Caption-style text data

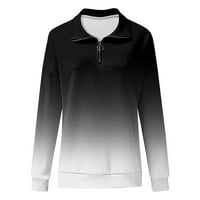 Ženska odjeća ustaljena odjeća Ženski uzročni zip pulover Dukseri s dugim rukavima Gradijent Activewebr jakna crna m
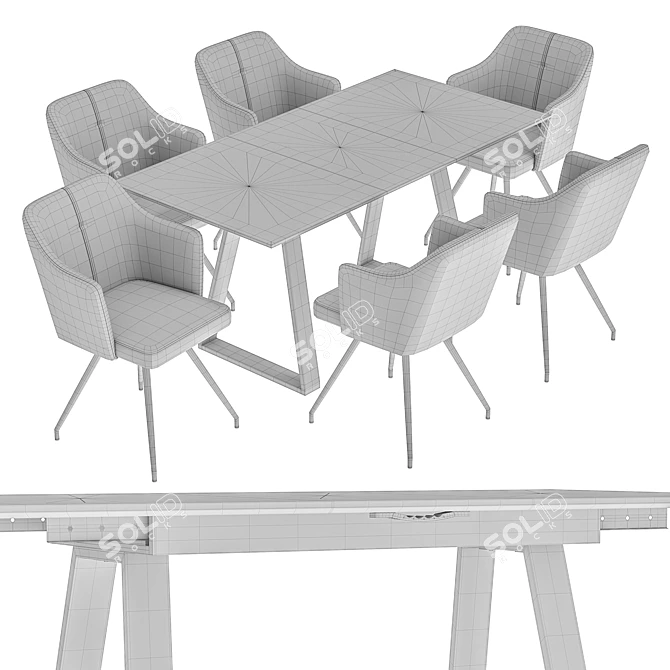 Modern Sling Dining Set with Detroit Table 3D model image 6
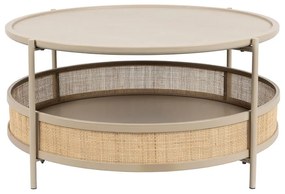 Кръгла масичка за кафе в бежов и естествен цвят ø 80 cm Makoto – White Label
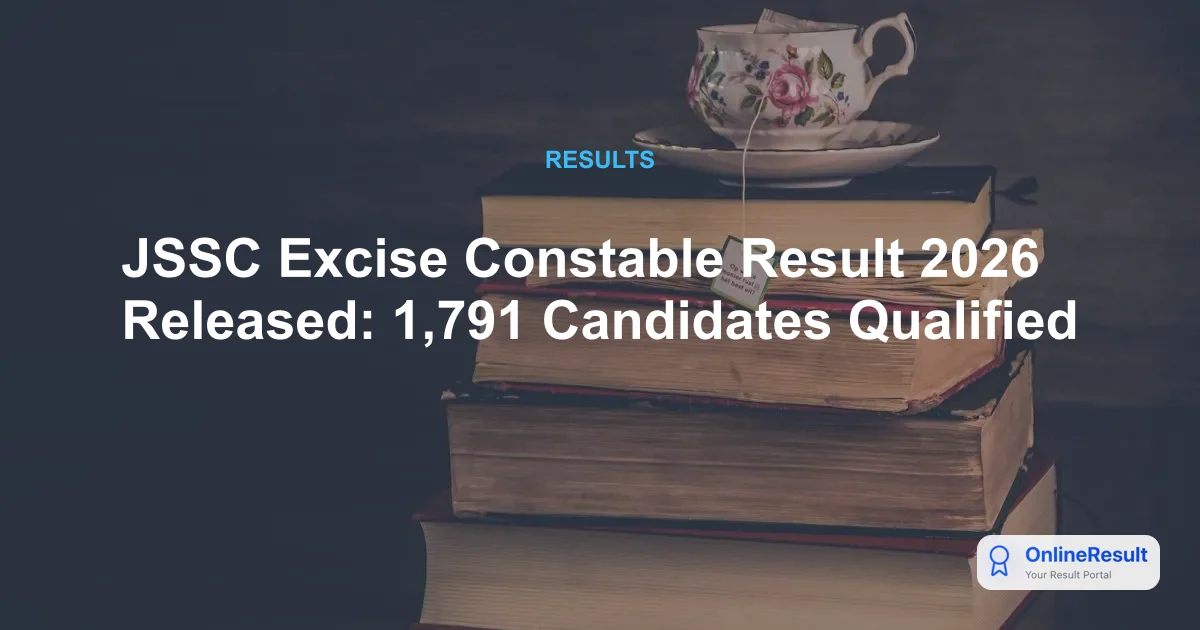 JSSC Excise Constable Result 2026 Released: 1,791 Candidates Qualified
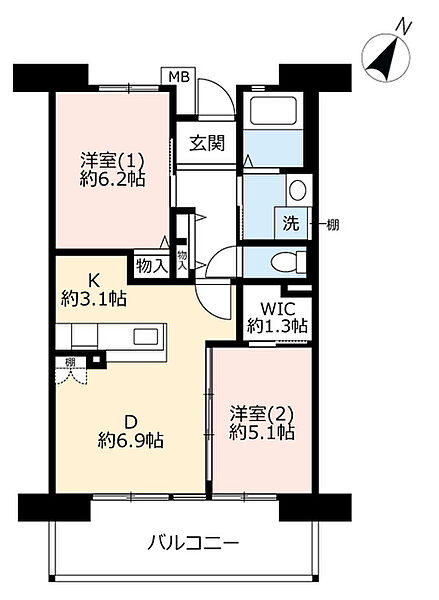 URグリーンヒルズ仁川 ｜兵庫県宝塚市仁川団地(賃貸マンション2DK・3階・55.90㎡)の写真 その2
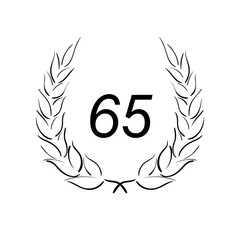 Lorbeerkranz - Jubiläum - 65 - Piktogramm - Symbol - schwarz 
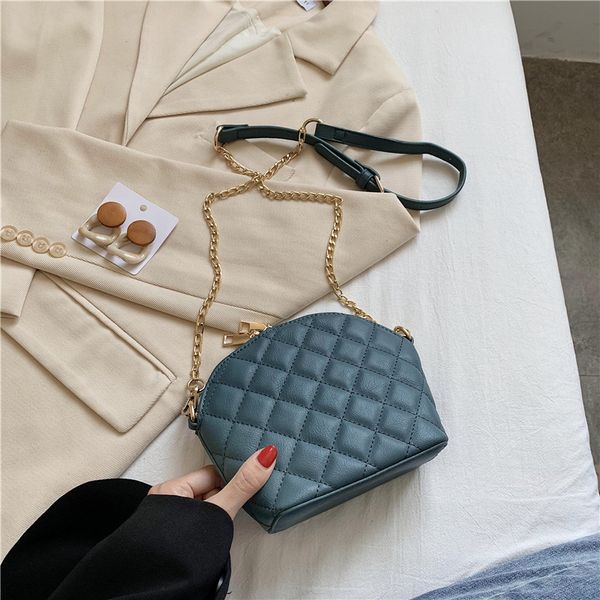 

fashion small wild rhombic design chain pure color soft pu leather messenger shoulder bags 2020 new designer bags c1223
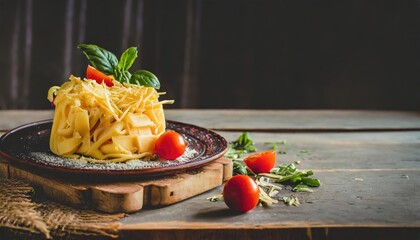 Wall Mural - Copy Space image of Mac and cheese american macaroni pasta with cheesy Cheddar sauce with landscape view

## Task statement
Provide an exact copy of the records, excluding every picture.

## Exercise answer
 Ženska odjeća ustaljena odjeća Ženski uzročni zip pulover Dukseri s dugim rukavima Gradijent Activewebr jakna crna m
 Modern Sling Dining Set with Detroit Table 3D model image 6
 Кръгла масичка за кафе в бежов и естествен цвят ø 80 cm Makoto – White Label
 JSSC Excise Constable Result 2026 Released: 1,791 Candidates Qualified
 URグリーンヒルズ仁川 ｜兵庫県宝塚市仁川団地(賃貸マンション2DK・3階・55.90㎡)の写真 その2
 Lorbeerkranz - Jubiläum - 65 - Piktogramm - Symbol - schwarz 

fashion small wild rhombic design chain pure color soft pu leather messenger shoulder bags 2020 new designer bags c1223
 Wall Mural - Copy Space image of Mac and cheese american macaroni pasta with cheesy Cheddar sauce with landscape view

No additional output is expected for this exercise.